The implementation of construction plans in E1 will create an urban bloc between Ma’ale Adumim and Jerusalem, exacerbate the isolation of East Jerusalem from the rest of the West Bank and disrupt the territorial contiguity between the northern and southern parts of the West Bank. The establishment of settlements in occupied territory is a breach of international humanitarian law, which prohibits the transfer of people from the occupying state into the occupied area. It also prohibits any permanent changes in the occupied territory, with the exception of changes mandated by military needs or in order to benefit the local population. In addition, the establishment of Israeli settlements leads to numerous violations of Palestinians’ human rights. In addition, the Civil Administration is planning to expel the Bedouin communities currently residing in this area. If the expulsion goes through, it will be a further breach of international humanitarian law, which prohibits the forcible transfer of “protected persons”, such as these communities, other than for their own safety or for an urgent military need. Even then, it is permissible only on a temporary basis. These exceptions are not applicable in this case.
What is E1?
The E1 master plan (Plan No. 420/4) was approved in 1999. It covers approximately 1,200 hectares of land – most of which Israel declared as state land in a legally dubious procedure. During the 1990s these lands were made part of the jurisdiction of the settlement of Ma’ale Adumim, so it now encompasses approximately 4,800 hectares. The northern and southern edges of the plan largely correspond to the route planned for the Separation Barrier in the area, which would leave Ma’ale Adumim on the “Israeli” side of the barrier and separate it from neighboring areas of the West Bank. The E-1 compound is interspersed with enclaves of privately owned Palestinian land. The overall area of these enclaves is approximately 77.5 hectares. Israel was unable to declare them state land and they are not officially included in the plans. However, it is clear that the physical reality resulting from the plan will greatly limit Palestinian landowners’ access to their lands.
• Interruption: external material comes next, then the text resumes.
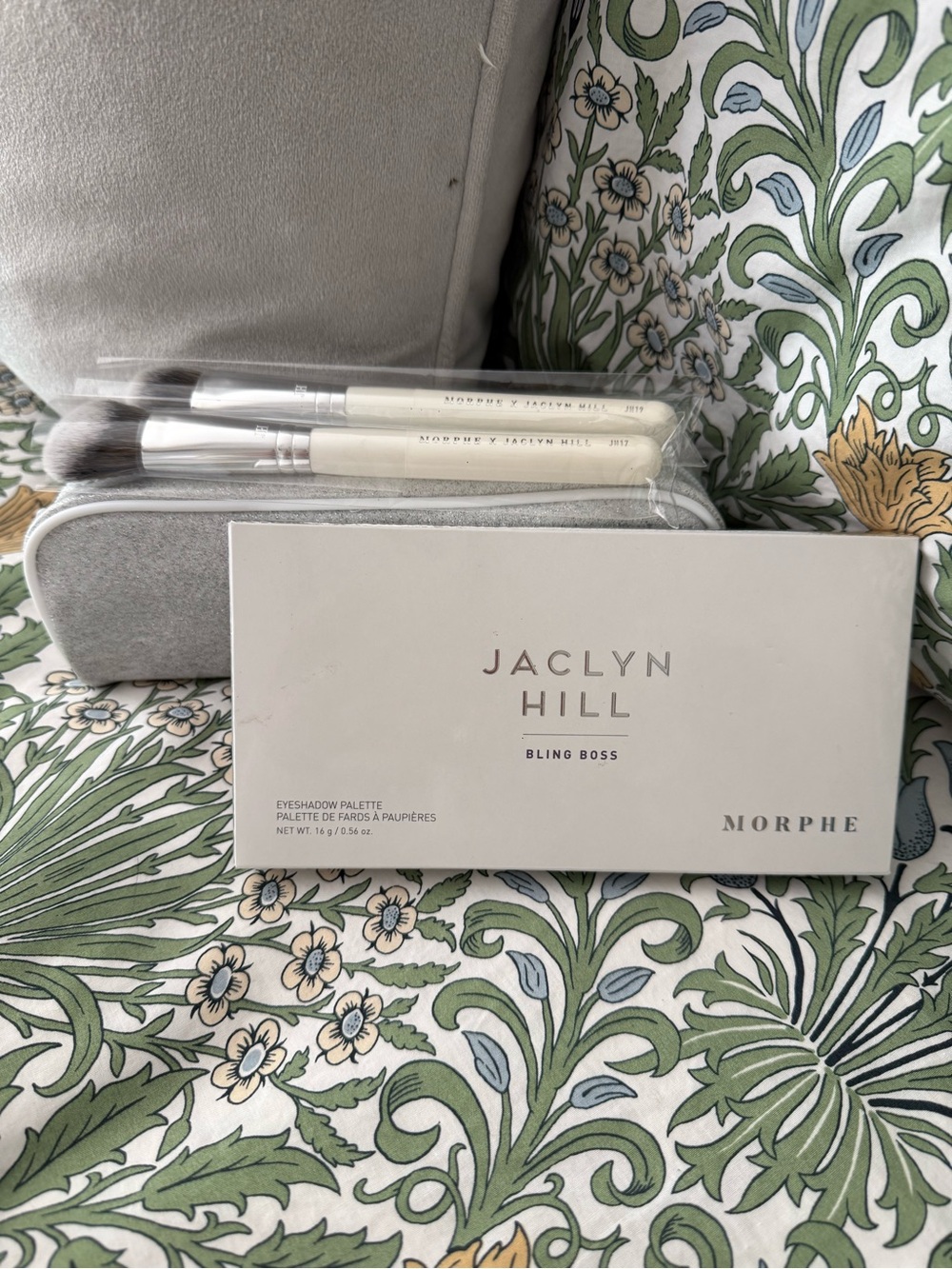 NEW Morphe Jaclyn Hill Bling Boss Eyeshadow Palette Plus 2 Brushes & Case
In addition to residential units, the plan designates areas for tourism, commerce, regional services, a regional cemetery, roads, etc. Detailed plans have already been approved for two of the plans, enabling the building permits to be issued:
At least three detailed plans for residential construction in the E-1 compound are being prepared, proposing 4,000 residential units and ten hotels. To date, Israeli governments have delayed any further construction in the area, partly because of strong objections on the part of the US administration and the European Union. According to media reports, Prime Minister Binyamin Netanyahu promised the US president that he would not build in E-1. Nevertheless, in response to the UN decision to admit Palestine as an observer state, the government issued directives in late November 2012 to promote the detailed plans. Further to the government instructions, the Civil Administration approved the filing for objections of two of the three E-1 residential plans. The plans had not yet been filed in August 2013 and no progress had been made in the process of their approval.
Whom does the plan harm?
Implementation of the E1 plan will have significant repercussions for the entire population of the West Bank. Jerusalem borders on the narrowest area of the West Bank, where it spans only about 28 kilometers from east to west. Construction in E-1 will further reduce the already narrow corridor that connects the northern and southern West Bank and will impede the establishment of a Palestinian state with territorial contiguity. Israel is planning to build an alternative road that would connect between the two parts of the West Bank for use by Palestinians, but this is no more than a traffic solution.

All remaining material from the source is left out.